Input data:
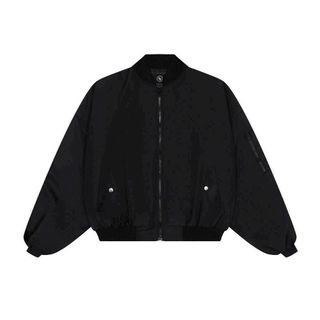 Áo khoác dù bomber MERO nam nữ tay có khóa năng động, dây kéo đen, cá tính Unisex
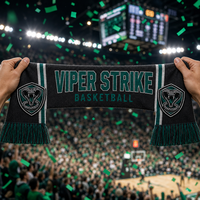Écharpe de supporter personnalisée en polyester, imprimée par transfert thermique haute définition, pour événements sportifs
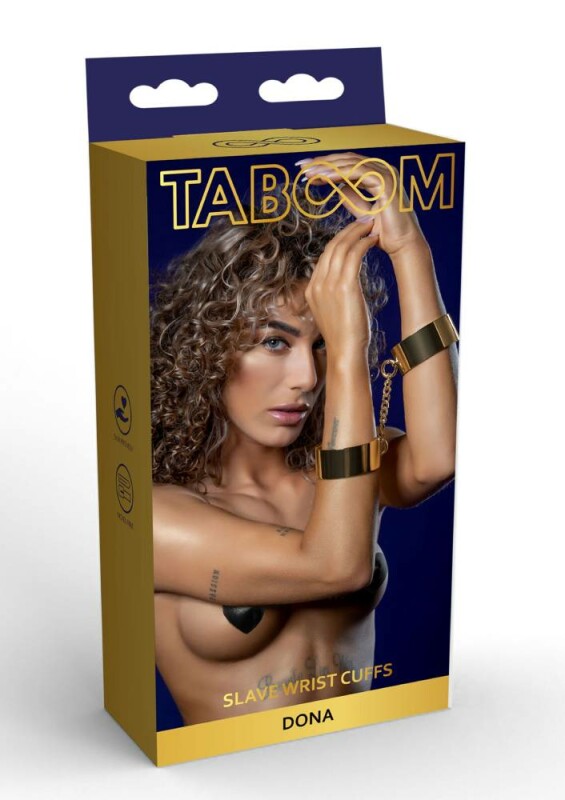 Наручники широкі металеві Taboom із ланцюгом, золоті, 6.2 см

Assignment:
No pictures should appear in the copy. Reproduce exactly the lines from the line containing "Écharpe de supporter" through the last line of the data, inclusive.

Exercise response:
Écharpe de supporter personnalisée en polyester, imprimée par transfert thermique haute définition, pour événements sportifs
 Наручники широкі металеві Taboom із ланцюгом, золоті, 6.2 см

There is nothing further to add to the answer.